Title : Head motion and fMRI data quality in youth with eating disorders: differential contributions of BMI, age, and impulsivity
Abstract:
Motivation: Participant head motion during fMRI contributes to image censoring and poses concerns with data quality and integrity. Individual characteristics such as age and BMI have consistently been shown as correlates of head motion. Impulsivity may also contribute to differences in head motion. We aimed to evaluate data censoring due to head motion in youth with binge/purge type eating disorders (ED), a population characterized by reward system differences and tendency towards impulsivity.
Methods: Using data from the Naltrexone Neuroimaging Randomized Controlled Trial, we tested three binomial regression models on their ability to account for data censoring due to head motion (i.e., censor fraction, or proportion of outlier TRs). Our base model included characteristic variables of age, sex, and BMI z-score. Model 2 included all variables from the base model and added measures of trait impulsivity (e.g., BIS-Brief and UPPS-P scores). Model 3 included all variables from model 2 and added diagnostic variables (e.g., ED subtype and ADHD history). An ANODEV nested model comparison was used to evaluate model fit.

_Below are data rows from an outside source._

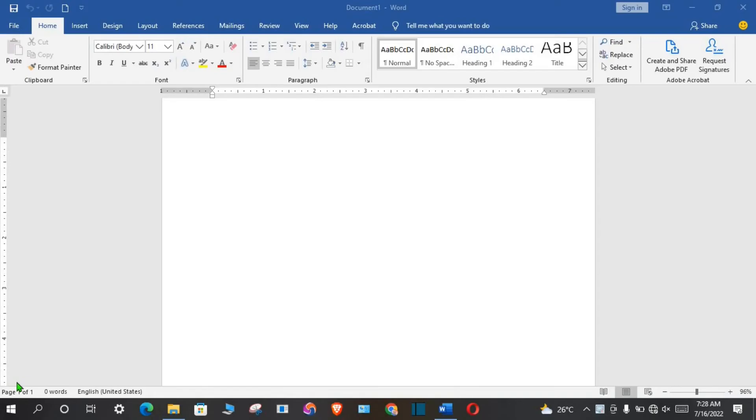In this tutorial today, we shall be learning how to design printable notebook stickers or sleeves in Microsoft Word.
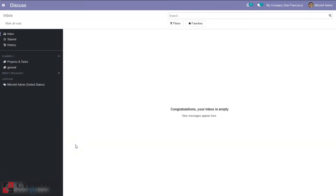Good day all and welcome back to the channel. Today in this video let's discuss how to do survey management in Odoo. Surveys can be used for a range of purposes like collecting customer feedback, evaluating the success of an event, measuring how pleased customers are with your products or services, whether employees are happy and satisfied with their work environment, and even finding out what your market is thinking.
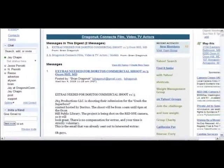Hi, this is Jay Chapin, and today we're going to be talking about finding jobs, classes, and events on dragonupconnects.com.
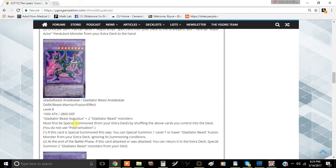I think this is a very good card. It's not very difficult to summon. I think at most, if you're going to play Augustus, you're probably playing it at one.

Results: Across all models, BMI was a strong, consistent, and positive predictor of censoring (β ≈ 0.72–0.80, p < 0.001). Age did not significantly predict censor fraction (β ≈ 0.002–0.034, p > 0.1), nor did ED subtype. Impulsivity measures showed differing effects, with BIS-Brief positively associated with censor fraction and UPPS-P negatively associated. Surprisingly, ADHD showed a moderate inverse effect, as those that had an ADHD diagnosis showed decreased censoring (β ≈ -0.99, p <0.05). Compared to the base model, the addition of impulsivity measures did not significantly improve model fit (p = 0.16), and the addition of diagnostic variables only marginally improved fit (p = 0.07).

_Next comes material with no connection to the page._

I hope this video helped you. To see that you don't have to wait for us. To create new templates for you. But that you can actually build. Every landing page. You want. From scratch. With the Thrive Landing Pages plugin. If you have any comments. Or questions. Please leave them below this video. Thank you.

Conclusion: Our data show consistency with findings that BMI is a primary predictor of head motion during fMRI. Age was not significantly related to censor fraction, likely due to limited age range in our sample. Effects of impulsivity became most evident in the final model, suggesting shared variance with diagnostic variables; however, these effects were relatively minimal overall. The negative association between ADHD diagnosis and censor fraction was unexpected and suggests nuances that may warrant further investigation. Overall, participant characteristics alone accounted for greater variance in censor fraction than impulsivity or diagnostic factors.